Abstract

Modern electronic design automation flows depend on both implementation and signoff tools to perform timing-constrained power optimization through Engineering Change Orders (ECOs), which involve gate sizing and threshold-voltage ( V th )-assignment of standard cells. However, the signoff ECO optimization is highly time-consuming, and the power improvement is hard to predict in advance. Ever since the industrial benchmarks released by the ISPD-2012 gate-sizing contest, active research has been conducted extensively to improve the optimization process. Nonetheless, previous works were mostly based on heuristics or analytical methods whose timing models were oversimplified and lacked of formal validations from commercial signoff tools. In this article, we propose ECO-graph neural networks (GNN), a transferable graph-learning-based framework, which harnesses GNNs to perform commercial-quality signoff power optimization through discrete ( V th -assignment. One of the highlights of our framework is that it generates tool-accurate optimization results instantly on unseen netlists that are not utilized in the training process.

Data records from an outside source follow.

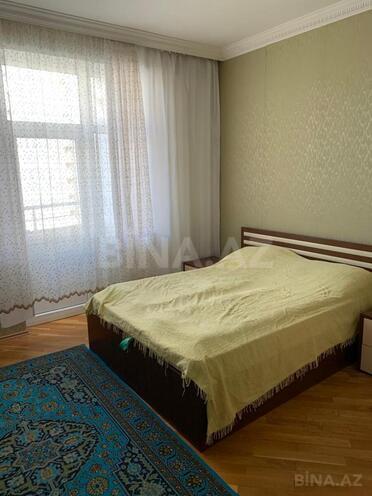 Сдаётся 2-комн. новостройка 60 м², м. Шах Исмаил Хатаи, photo 3 from 13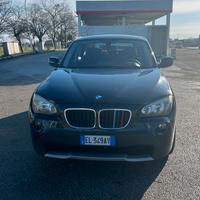 BMW X1 2012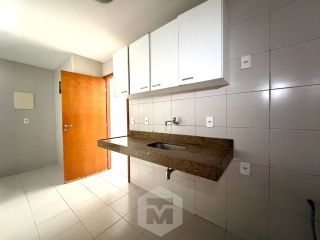 Apartamento 3 Quartos - Ponta Verde - Nascente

Furthermore, we propose a subgraph approximation technique to improve training and inferencing time of the proposed GNN model. We show that design instances with non-overlapping subgraphs can be optimized in parallel so as to improve the inference time of the learning-based model. Finally, we implement a GNN-based explanation method to interpret the optimization results achieved by our framework. Experimental results on 14 industrial designs, including a RISC-V-based multi-core system and the renowned ISPD-2012 benchmarks, demonstrate that our framework achieves up to 14× runtime improvement with similar signoff power optimization quality compared with Synopsys PrimeTime , an industry-leading signoff tool.